= Ed Sims =

Edward Sims is a New Zealand businessman who served as president and CEO of WestJet Airlines between 2018 and 2021. He started with the company on May 28, 2017, as the executive vice president of commercial. Sims has a history of senior positions with airlines such as Air New Zealand, TUI Airways, Thomas Cook Airlines, and travel companies such as Virgin Travel Group. Sims’ most recent position before WestJet was the CEO of Airways New Zealand, Air New Zealand's air navigation service provider

Sims began his work in the travel industry in the United Kingdom, but has also worked in European and Australasian travel markets.

== WestJet (2017 to 2021) ==
Sims joined WestJet as the executive vice president of commercial on May 28, 2017. He was promoted to CEO on March 7, 2018, after the CEO at the time, Gregg Saretsky unexpectedly stepped down.

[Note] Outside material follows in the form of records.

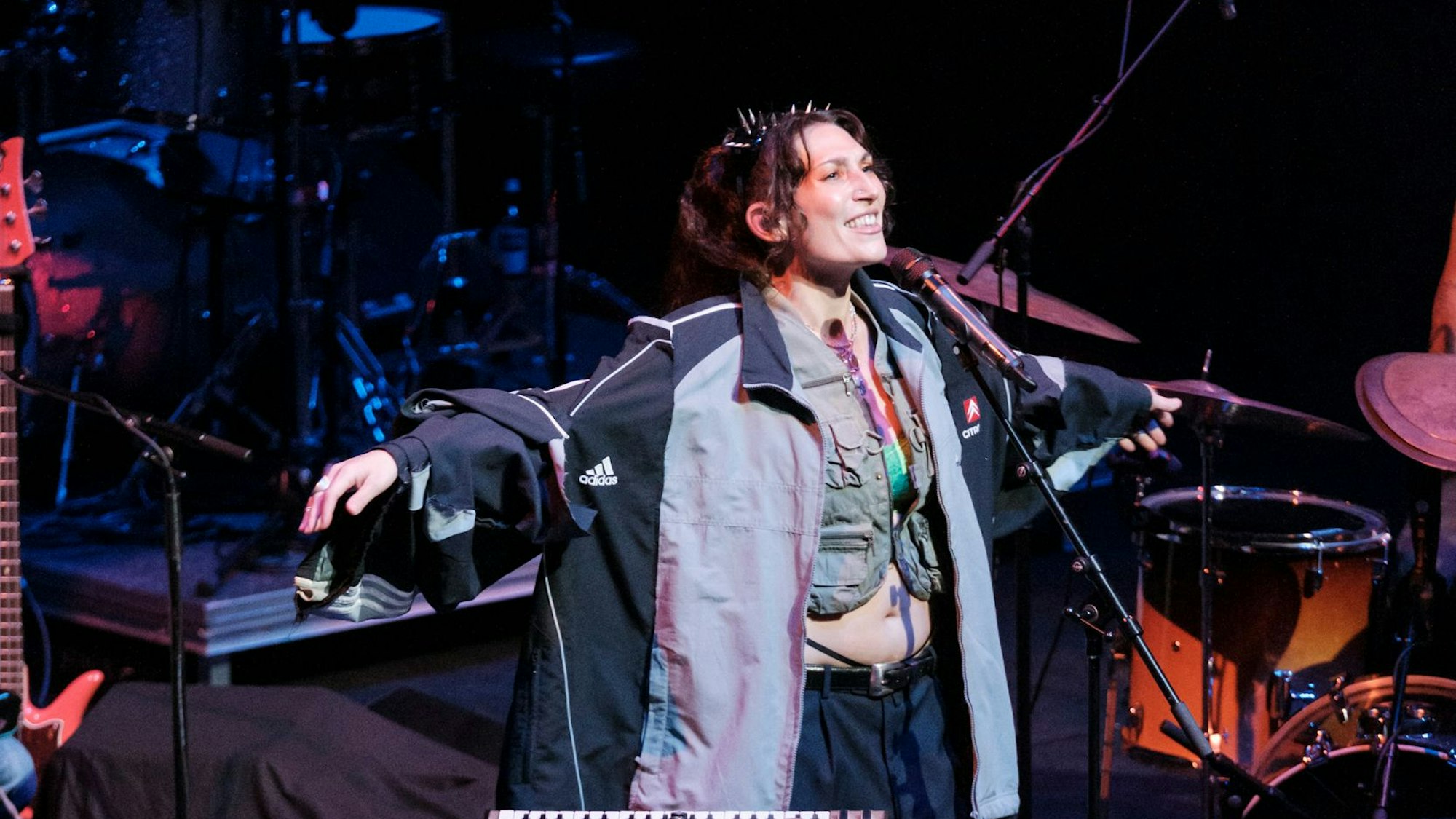 Sängerin Rebekka Ziegler von der Band Salomea.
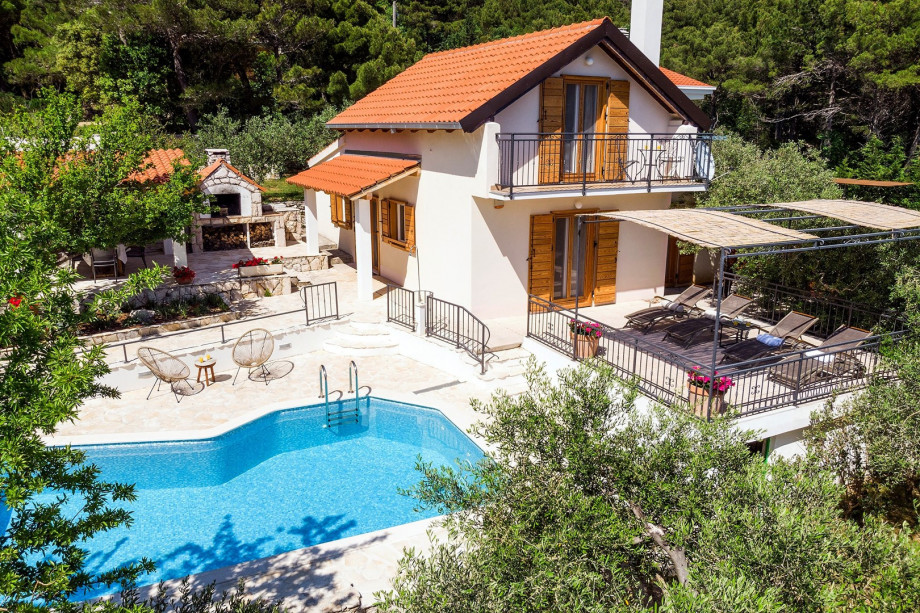 This is a unique location and the air is a mixture of mountain, sea and river air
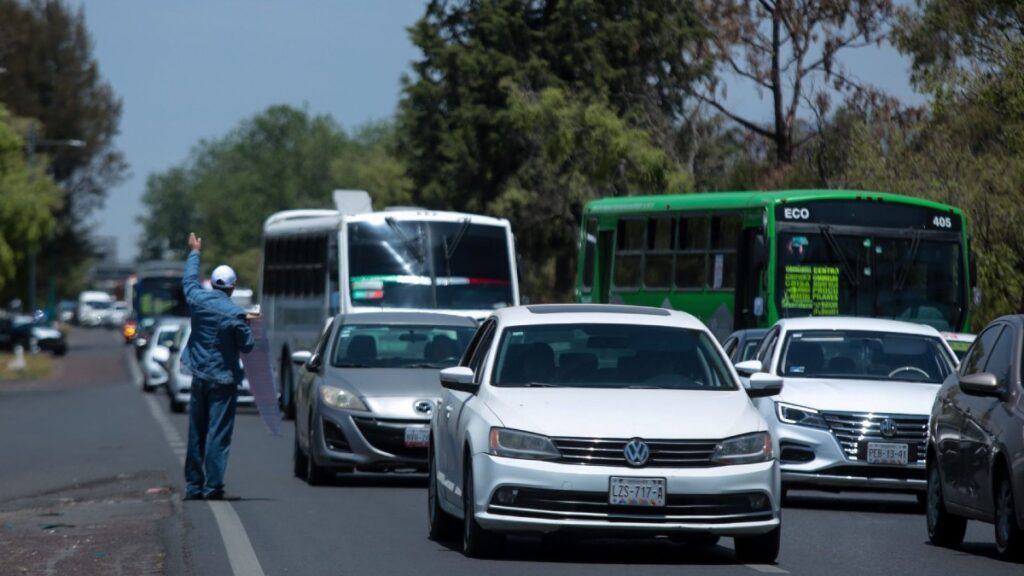 Hoy No Circula en CdMx y Edomex: Detalles sobre los Automóviles que Descansan el 6 de Enero de 2025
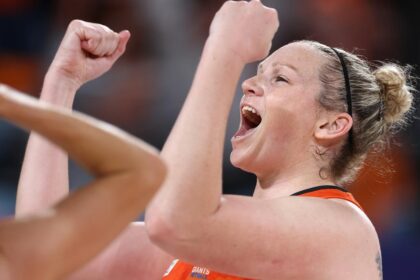 Jo Harten celebrates victory in her farewell match. Picture: Jason McCawley/Getty Images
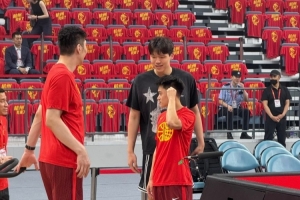 交流海外打球心得:杨瀚森、余嘉豪、赵维伦赛前分享体会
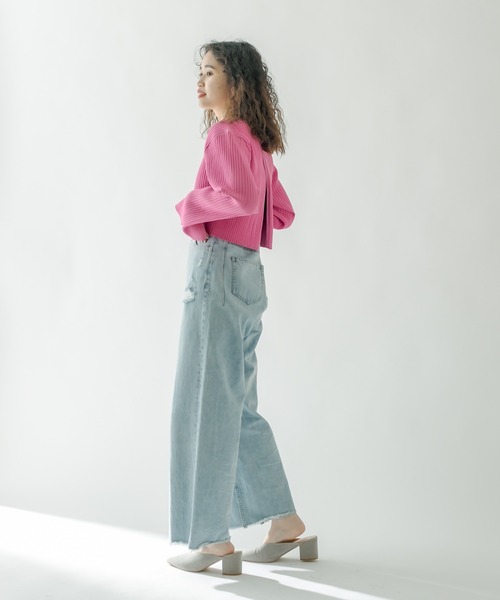 バックスリットショートニット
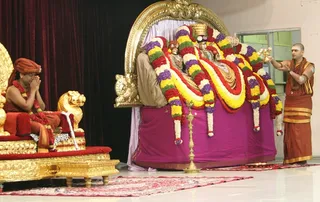 https://nithyananda.org/sites/default/files/photo-gallery/2014-11nov-28th-nithyananda-diary_IMG_9510_bidadi-deity.JPG?1417198942
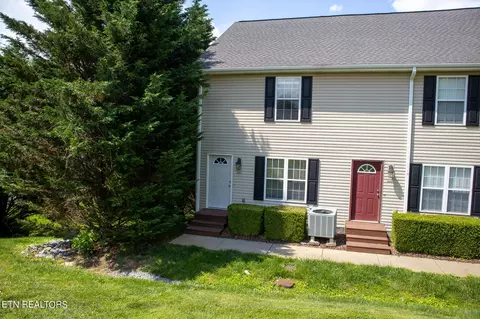 1113 High St #207, Johnson City, TN 37604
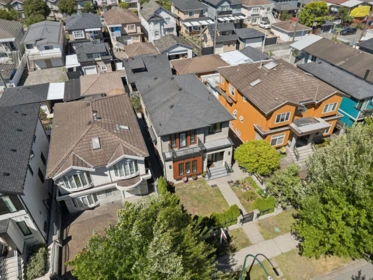 Hot Tub / Spa Photo of 3233 Grant Street, Vancouver, BC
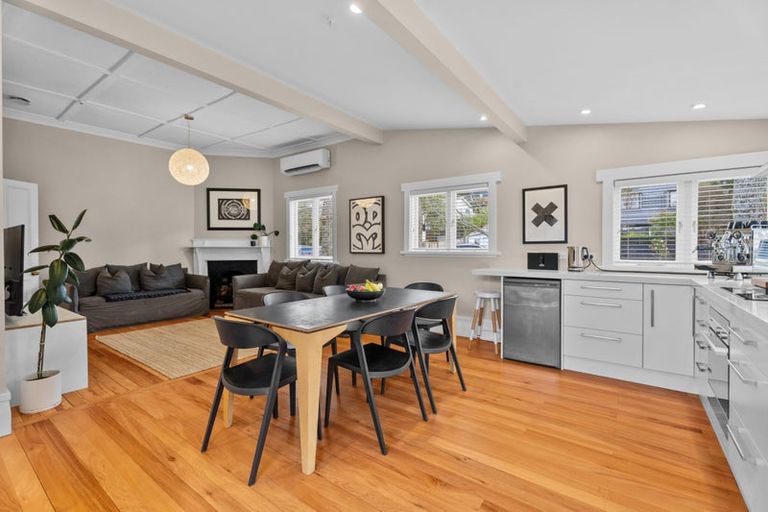 Photo of property in 1/2 Tennyson Street, Northcote Point, Auckland, 0627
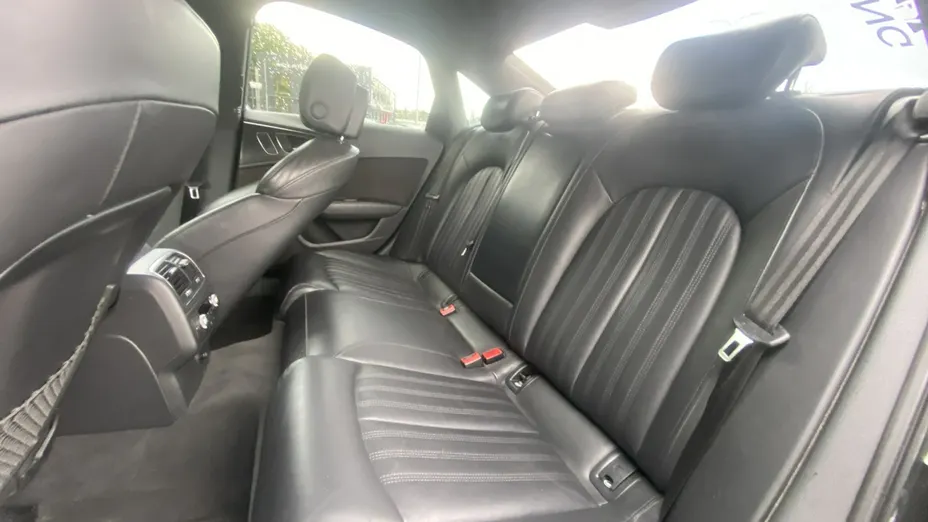 AUDI A6 -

He worked on both strategic direction and day-to-day operations for the company. Sims retired from his position at WestJet in 2021. He continues to serve as an advisor to WestJet's parent company, Onex.

== Airways New Zealand (2011 to 2017) ==
Sims served as the CEO of Airways New Zealand, an air traffic service provider, from July 4, 2011, to May 26, 2017.

== Air New Zealand (2001 to 2010) ==
Sims served for ten years with Air New Zealand. He began in 2001 as vice-president of retail, then in 2002 he was promoted to the vice-president of marketing and alliances. His longest serving role with the company began in December 2003 where he led the international wide-body business. In this role he had the responsibility of the international cabin crew, long haul fleet induction and refurbishment programmes.